WHAT THE EXERCISE ASKS: The answer consists solely of the listing's lines from the first through the line containing "2016年信阳市直事业单位第二批招聘工作人员考试题.pdf_第2页", each reproduced exactly.

━━ RECORD EXTRACTS ━━

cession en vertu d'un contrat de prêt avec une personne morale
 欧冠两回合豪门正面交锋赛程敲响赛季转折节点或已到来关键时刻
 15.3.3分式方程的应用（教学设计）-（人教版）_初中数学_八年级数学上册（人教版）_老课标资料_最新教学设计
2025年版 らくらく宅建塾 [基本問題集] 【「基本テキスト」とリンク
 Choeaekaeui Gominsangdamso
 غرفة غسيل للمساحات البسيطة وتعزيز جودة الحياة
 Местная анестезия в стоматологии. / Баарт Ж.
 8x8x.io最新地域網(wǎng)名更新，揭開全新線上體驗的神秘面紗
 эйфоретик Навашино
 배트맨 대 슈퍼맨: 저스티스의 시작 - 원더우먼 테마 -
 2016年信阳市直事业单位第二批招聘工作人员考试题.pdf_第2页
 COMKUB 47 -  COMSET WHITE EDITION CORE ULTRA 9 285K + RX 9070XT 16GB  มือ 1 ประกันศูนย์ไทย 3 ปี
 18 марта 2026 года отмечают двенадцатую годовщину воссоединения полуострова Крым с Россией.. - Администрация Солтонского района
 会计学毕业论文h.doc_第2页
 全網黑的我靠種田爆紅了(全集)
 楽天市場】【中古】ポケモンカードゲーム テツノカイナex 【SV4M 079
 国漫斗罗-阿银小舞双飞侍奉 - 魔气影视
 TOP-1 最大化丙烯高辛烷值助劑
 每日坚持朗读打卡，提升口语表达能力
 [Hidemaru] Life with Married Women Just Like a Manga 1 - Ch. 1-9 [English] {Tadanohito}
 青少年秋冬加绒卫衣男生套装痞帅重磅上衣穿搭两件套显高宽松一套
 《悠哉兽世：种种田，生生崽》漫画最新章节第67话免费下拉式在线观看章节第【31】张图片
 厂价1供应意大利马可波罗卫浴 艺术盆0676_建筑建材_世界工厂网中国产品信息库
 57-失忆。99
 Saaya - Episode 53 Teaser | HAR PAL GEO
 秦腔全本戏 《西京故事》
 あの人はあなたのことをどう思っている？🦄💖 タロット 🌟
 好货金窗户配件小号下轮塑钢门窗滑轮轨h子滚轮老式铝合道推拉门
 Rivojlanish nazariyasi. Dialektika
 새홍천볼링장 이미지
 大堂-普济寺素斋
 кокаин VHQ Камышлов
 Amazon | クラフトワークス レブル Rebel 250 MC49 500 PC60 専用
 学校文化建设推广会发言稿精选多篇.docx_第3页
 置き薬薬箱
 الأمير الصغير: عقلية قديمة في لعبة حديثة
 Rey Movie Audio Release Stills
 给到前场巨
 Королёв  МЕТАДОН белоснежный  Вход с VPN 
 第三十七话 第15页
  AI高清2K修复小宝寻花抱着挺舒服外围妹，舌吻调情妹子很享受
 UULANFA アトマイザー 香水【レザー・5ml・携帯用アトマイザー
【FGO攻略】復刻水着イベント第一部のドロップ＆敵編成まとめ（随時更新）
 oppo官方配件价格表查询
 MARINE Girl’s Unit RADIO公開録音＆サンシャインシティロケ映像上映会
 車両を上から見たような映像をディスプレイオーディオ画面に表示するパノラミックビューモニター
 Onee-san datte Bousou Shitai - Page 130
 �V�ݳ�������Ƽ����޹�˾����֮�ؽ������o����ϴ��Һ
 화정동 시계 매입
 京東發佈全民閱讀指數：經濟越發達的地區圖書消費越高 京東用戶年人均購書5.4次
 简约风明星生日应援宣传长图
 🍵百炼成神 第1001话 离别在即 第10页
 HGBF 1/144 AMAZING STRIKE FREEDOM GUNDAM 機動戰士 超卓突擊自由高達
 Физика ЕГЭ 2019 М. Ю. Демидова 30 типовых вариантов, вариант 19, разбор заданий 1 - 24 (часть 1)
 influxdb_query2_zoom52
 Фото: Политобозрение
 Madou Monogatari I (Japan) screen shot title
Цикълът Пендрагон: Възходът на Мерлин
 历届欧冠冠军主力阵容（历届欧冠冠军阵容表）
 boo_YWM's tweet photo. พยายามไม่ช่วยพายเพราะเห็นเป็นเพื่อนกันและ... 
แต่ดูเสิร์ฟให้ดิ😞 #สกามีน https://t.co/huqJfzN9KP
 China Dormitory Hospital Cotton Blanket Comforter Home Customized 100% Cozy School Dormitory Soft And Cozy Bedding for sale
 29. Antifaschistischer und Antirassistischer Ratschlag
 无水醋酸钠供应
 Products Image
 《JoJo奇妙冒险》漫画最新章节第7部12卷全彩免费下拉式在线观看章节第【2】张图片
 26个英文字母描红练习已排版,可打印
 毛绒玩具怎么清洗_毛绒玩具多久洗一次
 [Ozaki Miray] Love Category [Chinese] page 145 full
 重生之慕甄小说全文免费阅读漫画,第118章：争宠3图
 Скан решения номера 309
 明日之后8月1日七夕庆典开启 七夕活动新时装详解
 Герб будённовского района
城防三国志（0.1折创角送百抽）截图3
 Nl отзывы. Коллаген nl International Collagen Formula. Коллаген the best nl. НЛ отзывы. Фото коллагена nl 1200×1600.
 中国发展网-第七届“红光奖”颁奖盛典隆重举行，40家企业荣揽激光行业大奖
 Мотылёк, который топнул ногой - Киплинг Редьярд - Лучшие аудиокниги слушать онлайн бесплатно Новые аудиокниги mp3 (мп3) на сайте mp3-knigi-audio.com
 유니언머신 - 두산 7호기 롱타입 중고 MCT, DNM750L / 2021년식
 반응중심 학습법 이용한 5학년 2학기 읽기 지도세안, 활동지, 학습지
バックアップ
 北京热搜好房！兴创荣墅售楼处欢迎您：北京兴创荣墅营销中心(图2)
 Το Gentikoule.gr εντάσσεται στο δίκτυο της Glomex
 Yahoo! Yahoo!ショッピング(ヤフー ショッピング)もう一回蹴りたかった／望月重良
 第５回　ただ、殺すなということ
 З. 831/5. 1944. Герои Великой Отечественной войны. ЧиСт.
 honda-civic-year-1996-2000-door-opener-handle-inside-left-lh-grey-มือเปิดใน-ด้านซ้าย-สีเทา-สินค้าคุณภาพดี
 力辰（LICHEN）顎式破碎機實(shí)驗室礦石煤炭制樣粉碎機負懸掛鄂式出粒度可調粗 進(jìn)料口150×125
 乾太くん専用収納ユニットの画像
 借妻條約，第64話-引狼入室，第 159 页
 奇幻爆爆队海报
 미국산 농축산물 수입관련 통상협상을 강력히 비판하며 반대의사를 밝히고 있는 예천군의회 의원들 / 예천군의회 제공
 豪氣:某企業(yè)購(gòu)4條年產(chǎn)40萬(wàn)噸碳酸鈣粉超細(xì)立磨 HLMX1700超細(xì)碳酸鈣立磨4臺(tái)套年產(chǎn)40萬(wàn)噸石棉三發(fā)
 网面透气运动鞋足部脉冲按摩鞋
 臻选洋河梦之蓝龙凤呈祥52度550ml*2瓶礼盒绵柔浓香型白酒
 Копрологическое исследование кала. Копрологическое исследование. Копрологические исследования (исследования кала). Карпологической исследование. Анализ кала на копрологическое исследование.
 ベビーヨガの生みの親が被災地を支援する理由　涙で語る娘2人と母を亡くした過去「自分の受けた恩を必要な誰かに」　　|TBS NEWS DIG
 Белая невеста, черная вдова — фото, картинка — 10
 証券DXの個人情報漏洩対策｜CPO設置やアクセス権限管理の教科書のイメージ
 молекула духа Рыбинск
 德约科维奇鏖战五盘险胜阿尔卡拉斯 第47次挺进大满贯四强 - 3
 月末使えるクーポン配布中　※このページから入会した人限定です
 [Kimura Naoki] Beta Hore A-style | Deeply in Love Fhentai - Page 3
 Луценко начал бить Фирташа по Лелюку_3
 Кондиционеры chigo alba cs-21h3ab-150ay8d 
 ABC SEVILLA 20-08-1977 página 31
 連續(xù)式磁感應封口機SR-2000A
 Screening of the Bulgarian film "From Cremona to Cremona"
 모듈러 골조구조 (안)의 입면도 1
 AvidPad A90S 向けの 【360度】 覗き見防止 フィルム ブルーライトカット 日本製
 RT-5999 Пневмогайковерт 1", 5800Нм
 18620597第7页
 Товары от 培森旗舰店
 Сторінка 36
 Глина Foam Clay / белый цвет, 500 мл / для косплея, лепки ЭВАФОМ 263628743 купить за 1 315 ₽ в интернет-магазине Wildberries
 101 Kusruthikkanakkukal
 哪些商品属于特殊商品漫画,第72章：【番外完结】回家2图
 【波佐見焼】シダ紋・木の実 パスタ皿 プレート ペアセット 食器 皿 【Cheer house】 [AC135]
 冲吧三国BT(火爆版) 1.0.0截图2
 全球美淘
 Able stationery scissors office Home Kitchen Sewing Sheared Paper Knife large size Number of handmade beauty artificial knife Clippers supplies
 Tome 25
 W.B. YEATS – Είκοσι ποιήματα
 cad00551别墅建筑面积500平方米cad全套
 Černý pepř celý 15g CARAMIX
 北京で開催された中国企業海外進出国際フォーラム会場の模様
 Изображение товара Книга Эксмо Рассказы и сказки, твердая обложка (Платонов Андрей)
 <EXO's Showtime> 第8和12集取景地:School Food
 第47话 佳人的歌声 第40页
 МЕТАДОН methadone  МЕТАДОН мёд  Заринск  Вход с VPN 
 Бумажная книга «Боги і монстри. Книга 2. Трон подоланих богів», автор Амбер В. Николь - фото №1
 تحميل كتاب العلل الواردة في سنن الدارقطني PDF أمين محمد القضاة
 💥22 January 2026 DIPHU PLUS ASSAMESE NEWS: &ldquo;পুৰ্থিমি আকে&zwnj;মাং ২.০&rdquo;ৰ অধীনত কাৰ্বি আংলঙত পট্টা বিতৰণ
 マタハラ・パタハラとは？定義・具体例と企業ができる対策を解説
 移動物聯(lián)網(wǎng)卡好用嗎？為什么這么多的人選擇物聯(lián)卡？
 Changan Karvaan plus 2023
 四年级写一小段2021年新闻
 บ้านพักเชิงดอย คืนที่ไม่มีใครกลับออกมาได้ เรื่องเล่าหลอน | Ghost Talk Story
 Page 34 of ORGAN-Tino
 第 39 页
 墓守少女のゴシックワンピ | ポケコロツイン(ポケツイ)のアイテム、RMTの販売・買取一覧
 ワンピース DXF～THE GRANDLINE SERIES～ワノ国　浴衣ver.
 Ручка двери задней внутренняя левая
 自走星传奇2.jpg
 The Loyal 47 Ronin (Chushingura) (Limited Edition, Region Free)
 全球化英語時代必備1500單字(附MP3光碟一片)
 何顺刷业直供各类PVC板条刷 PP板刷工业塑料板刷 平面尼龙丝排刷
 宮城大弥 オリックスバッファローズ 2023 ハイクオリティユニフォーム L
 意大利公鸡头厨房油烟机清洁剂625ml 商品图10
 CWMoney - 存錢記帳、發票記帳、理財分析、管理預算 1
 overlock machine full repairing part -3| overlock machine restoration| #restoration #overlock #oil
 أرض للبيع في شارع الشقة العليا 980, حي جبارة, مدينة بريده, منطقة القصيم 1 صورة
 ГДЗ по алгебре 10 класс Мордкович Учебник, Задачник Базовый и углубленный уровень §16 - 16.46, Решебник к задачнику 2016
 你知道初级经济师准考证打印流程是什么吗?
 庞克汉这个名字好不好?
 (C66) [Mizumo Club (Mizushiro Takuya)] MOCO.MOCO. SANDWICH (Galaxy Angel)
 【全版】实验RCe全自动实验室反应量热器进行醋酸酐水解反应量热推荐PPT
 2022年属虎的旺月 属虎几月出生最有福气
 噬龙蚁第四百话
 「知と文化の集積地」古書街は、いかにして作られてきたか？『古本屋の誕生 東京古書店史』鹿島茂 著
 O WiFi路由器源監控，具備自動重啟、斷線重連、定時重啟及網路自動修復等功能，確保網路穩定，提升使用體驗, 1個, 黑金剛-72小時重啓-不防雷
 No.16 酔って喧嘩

━━━

WRITTEN RESPONSE:
cession en vertu d'un contrat de prêt avec une personne morale
 欧冠两回合豪门正面交锋赛程敲响赛季转折节点或已到来关键时刻
 15.3.3分式方程的应用（教学设计）-（人教版）_初中数学_八年级数学上册（人教版）_老课标资料_最新教学设计
2025年版 らくらく宅建塾 [基本問題集] 【「基本テキスト」とリンク
 Choeaekaeui Gominsangdamso
 غرفة غسيل للمساحات البسيطة وتعزيز جودة الحياة
 Местная анестезия в стоматологии. / Баарт Ж.
 8x8x.io最新地域網(wǎng)名更新，揭開全新線上體驗的神秘面紗
 эйфоретик Навашино
 배트맨 대 슈퍼맨: 저스티스의 시작 - 원더우먼 테마 -
 2016年信阳市直事业单位第二批招聘工作人员考试题.pdf_第2页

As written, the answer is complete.